=== Begin Enclosure ===
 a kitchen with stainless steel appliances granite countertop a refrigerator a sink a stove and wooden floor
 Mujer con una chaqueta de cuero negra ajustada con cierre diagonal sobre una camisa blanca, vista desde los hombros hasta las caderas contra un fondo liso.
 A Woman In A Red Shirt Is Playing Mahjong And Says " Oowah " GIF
=== End Enclosure ===
=== Begin Enclosure ===
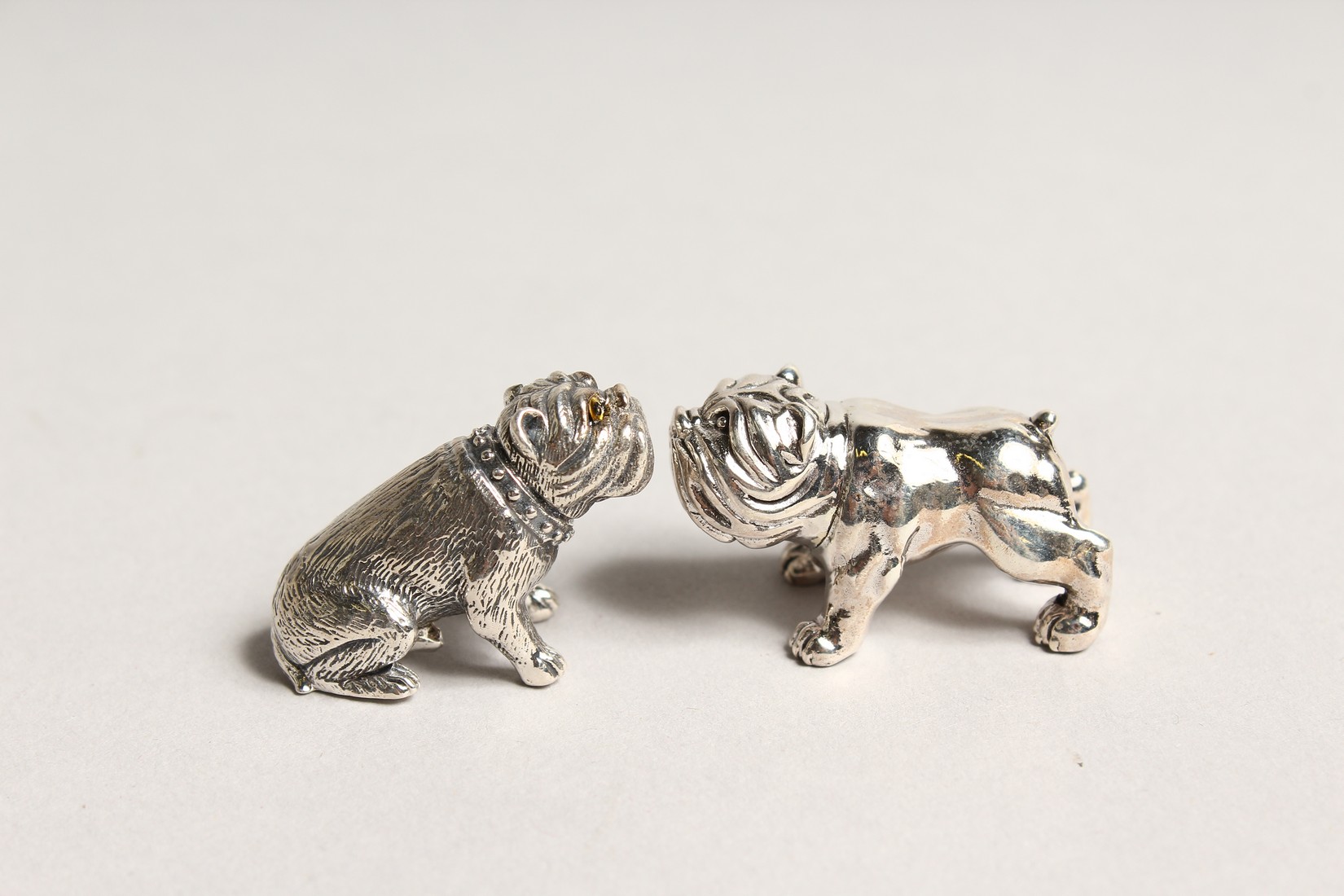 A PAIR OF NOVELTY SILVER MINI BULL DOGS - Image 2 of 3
=== End Enclosure ===
* **ACTIVITY**: In the records above, find the line with "Mujer con una"; write out exactly that line and each one after it, stopping after the line with "A Woman In A".

* **EXPECTED ANSWER**:
 Mujer con una chaqueta de cuero negra ajustada con cierre diagonal sobre una camisa blanca, vista desde los hombros hasta las caderas contra un fondo liso.
 A Woman In A Red Shirt Is Playing Mahjong And Says " Oowah " GIF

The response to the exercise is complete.